Pharmacotherapeutic Group: Blood glucose lowering drugs, excl. insulins: sulfonamides, urea derivatives. ATC Code: A10BB12.
Pharmacology: Pharmacodynamics: 2 mg: Glimepiride is an anti-diabetic type 2 (noninsulin-dependent) agent belonging to the sulfonylurea group. Glimepiride acts mainly by stimulating insulin release from pancreatic beta cells, so the drug is effective only when the pancreas still works (also capable of releasing insulin). The mechanism of action of glimepiride is to bind to the receptors on beta cell membrane, leading to closure of the ATP-sensitive potassium channels. Closing the potassium channel induces depolarization of the beta cell and results - by opening of calcium channels - in an increase influx of calcium into the cell. The increase in intracellular calcium concentration stimulates insulin release from the cells. Like other sulfonylureas, glimepiride produces hypoglycemia in patients with diabetes or healthy people without diabetes. Using glimepiride and sulfonylureas for long term also causes some extrapancreatic effects which significantly contribute to hypoglycemia effects. The main extrapancreatic effects are an improvement of the sensitivity of the peripheral tissues for insulin and a decrease of the glucose production in the liver. Glimepiride also has synergistic effects with metformin or insulin.
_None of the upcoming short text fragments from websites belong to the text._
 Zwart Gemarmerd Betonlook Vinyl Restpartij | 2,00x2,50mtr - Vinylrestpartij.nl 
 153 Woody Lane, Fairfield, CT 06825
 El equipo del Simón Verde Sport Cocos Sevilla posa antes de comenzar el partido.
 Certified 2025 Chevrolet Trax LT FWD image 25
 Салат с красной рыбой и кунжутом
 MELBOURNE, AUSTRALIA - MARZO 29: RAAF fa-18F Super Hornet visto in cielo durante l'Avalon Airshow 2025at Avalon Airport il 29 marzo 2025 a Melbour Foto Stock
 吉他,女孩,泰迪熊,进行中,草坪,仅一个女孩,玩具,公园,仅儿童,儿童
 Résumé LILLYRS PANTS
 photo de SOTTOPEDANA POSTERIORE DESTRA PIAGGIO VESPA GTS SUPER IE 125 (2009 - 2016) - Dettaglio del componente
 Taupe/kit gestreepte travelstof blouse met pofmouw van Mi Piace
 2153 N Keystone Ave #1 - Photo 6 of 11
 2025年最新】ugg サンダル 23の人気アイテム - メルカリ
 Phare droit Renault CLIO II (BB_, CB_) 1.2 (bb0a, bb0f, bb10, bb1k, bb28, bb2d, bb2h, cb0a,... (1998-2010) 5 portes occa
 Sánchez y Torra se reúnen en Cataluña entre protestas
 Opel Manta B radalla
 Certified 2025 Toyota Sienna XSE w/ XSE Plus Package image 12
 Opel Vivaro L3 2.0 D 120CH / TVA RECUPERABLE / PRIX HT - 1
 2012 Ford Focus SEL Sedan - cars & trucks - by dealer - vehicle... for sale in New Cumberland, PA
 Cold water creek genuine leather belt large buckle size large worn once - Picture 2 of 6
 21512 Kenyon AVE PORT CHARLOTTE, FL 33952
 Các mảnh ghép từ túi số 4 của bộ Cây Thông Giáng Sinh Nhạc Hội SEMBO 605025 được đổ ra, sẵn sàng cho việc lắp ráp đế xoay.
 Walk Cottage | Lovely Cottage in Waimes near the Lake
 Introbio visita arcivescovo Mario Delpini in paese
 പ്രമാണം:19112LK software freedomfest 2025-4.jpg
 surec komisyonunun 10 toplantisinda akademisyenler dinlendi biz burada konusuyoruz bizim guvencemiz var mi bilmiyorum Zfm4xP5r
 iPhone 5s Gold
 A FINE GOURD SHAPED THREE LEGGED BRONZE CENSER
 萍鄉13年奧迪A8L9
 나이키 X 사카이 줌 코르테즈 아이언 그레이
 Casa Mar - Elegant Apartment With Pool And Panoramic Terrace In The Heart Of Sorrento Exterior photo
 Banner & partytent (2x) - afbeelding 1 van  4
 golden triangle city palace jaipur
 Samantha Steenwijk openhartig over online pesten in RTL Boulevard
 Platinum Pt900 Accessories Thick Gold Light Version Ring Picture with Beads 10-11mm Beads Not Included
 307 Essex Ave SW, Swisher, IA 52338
4 mg: Glimepiride is a drug for the treatment of type 2 diabetes mellitus of the sulfonylurea class. The primary mechanism of action of glimepiride in lowering blood glucose appears to be dependent on stimulating the release of insulin from functioning pancreatic beta cells. In addition, extrapancreatic effects may also play an important role in the activity of sulfonylureas such as glimepiride, which increased sensitivity of peripheral tissues to insulin.
Pharmacokinetics: 2 mg: The bioavailability of glimepiride after oral administration is complete. Food intake has no relevant influence on absorption, only the absorption rate is slightly diminished. Maximum plasma concentrations are reached 2.5 hours after oral intake. Glimepiride has a very low distribution volume (approx. 8.8 litres), which is roughly equal to albumin distribution space, high protein binding (99%) and a low clearance (approx. 48 ml/min). Mean dominant plasma half-life is about 5 - 8 hours. After high doses, slightly longer half-lives were noted. After a single dose of radiolabelled glimepiride, 58% of the radioactivity was recovered in the urine, and 35% in the faeces. No unchanged substance was detected in the urine. Two metabolites most probably resulting from hepatic metabolism (major enzyme is CYP2C9) were identified both in urine and faeces: The hydroxy derivative and the caboxy derivative.
4 mg: Glimepiride is completely absorbed from the gastrointestinal tract. Peak plasma concentrations occur in 2 to 3 hours, and it is highly protein bound. The drug is extensively metabolised to two main metabolites, a hydroxy derivative and a carboxy derivative. The half-life after multiple doses is about 9 hours. Approximately 60% of a dose is eliminated in the urine and 40% in the faeces.